= Theme (narrative) =

Central topic, subject, or message within a narrative

In narratology, literary criticism, film studies, dramatics, and related disciplines, a theme is any major topic, subject, or message within a story. Themes are ideas that are central to a story, which can often be summed in a single abstract noun (for example, love, death, betrayal, nostalgia, or parenthood) or noun phrase (for example, coming of age, humans in conflict with technology, seeking spirituality in the modern era, or the dangers of unchecked ambition). A theme may be exemplified by the actions, utterances, or thoughts of characters, as in the theme of loneliness in John Steinbeck's Of Mice and Men, wherein many of the characters seem isolated and long for community with others. It may overlap with a thesis: a text's or creator's central argument or position regarding a theme from the story.
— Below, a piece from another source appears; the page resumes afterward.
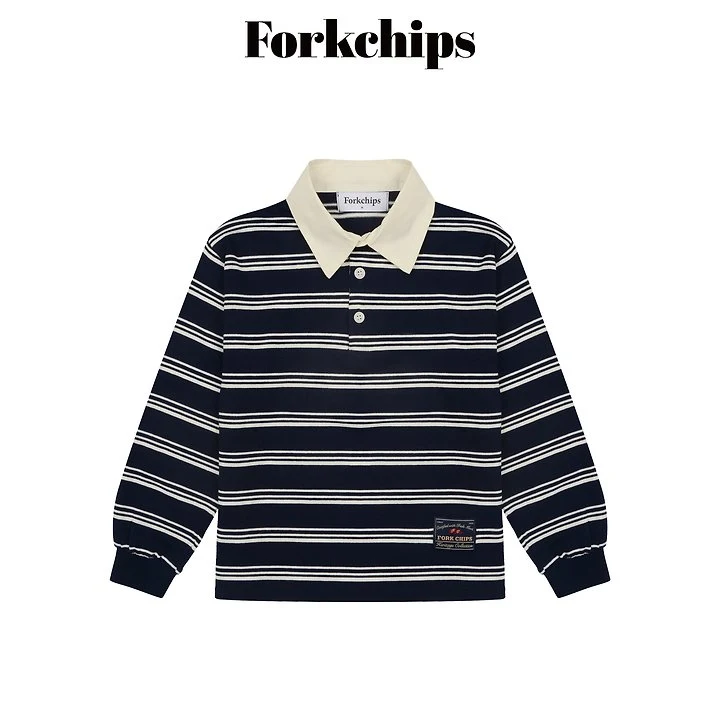Fork Chips - Korean Children Fashion - #childofig - Dusty Collar Tee - 2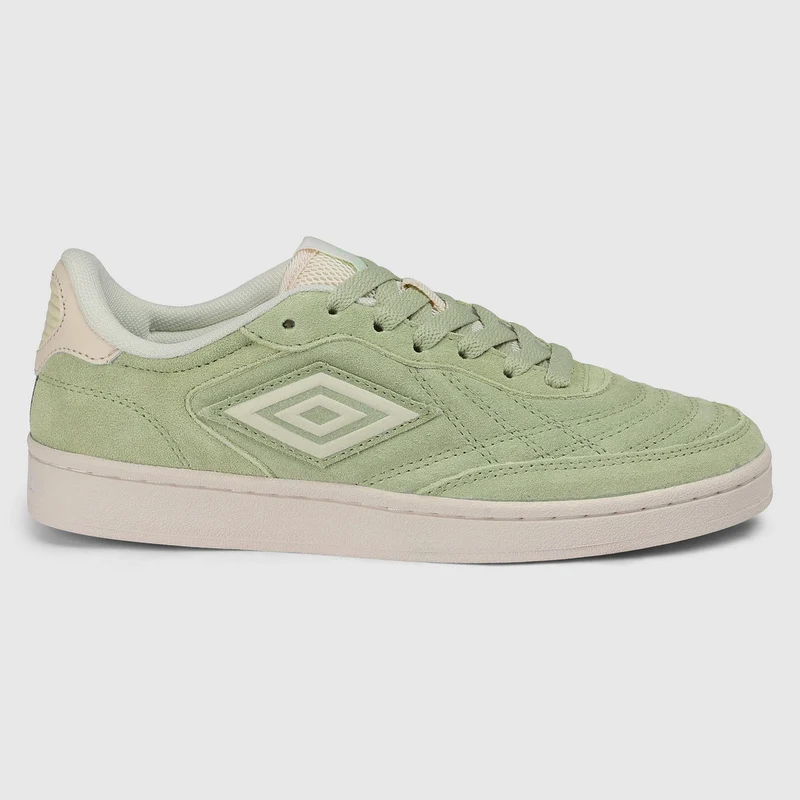 Umbro Unisex Clayton Wildleder-Sneaker | Reed Whisper White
A story may have many themes, especially longer works, such as novels, plays, films, and television series. Themes often explore historically common or cross-culturally recognizable ideas, such as ethical questions, and are usually implied rather than stated explicitly. An example of this would be whether one should live a seemingly better life, at the price of giving up parts of one's humanity, which is a theme in Aldous Huxley's Brave New World. Along with plot, character, setting, and style, theme is considered one of the components of fiction. Themes can be divided into two categories: a work's thematic concept is what readers "think the work is about" and its thematic statement being "what the work says about the subject".

==Examples==
Some common themes in literature are love, war, revenge, betrayal, grace, isolation, parenthood, forgiveness, loss, treachery, rich versus poor, appearance versus reality, and help from otherworldly powers.

==Techniques==
Various techniques may be used to express literary themes.

===Leitwortstil===
Leitwortstil, which means "leading word style" in German, is the repetition of a wording, often with a theme, in a narrative to make sure it catches the reader's attention. An example of a leitwortstil is the recurring phrase, "So it goes", in Kurt Vonnegut's novel Slaughterhouse-Five. Its seeming message is that the world is deterministic: that things only could have happened in one way, and that the future already is predetermined. But given the anti-war tone of the story, the message perhaps is on the contrary, that things could have been different. Its use in Scheherazade's Arabian Nights demonstrates how the technique can result to the unification of the constituent members of story cycles. In the Bible, various forms of the verb "to see" also recur and underscore the idea of Abraham as a seer. There is also the repeated use of the root kbd in Samuel I, to indicate "weightiness, honor, glory".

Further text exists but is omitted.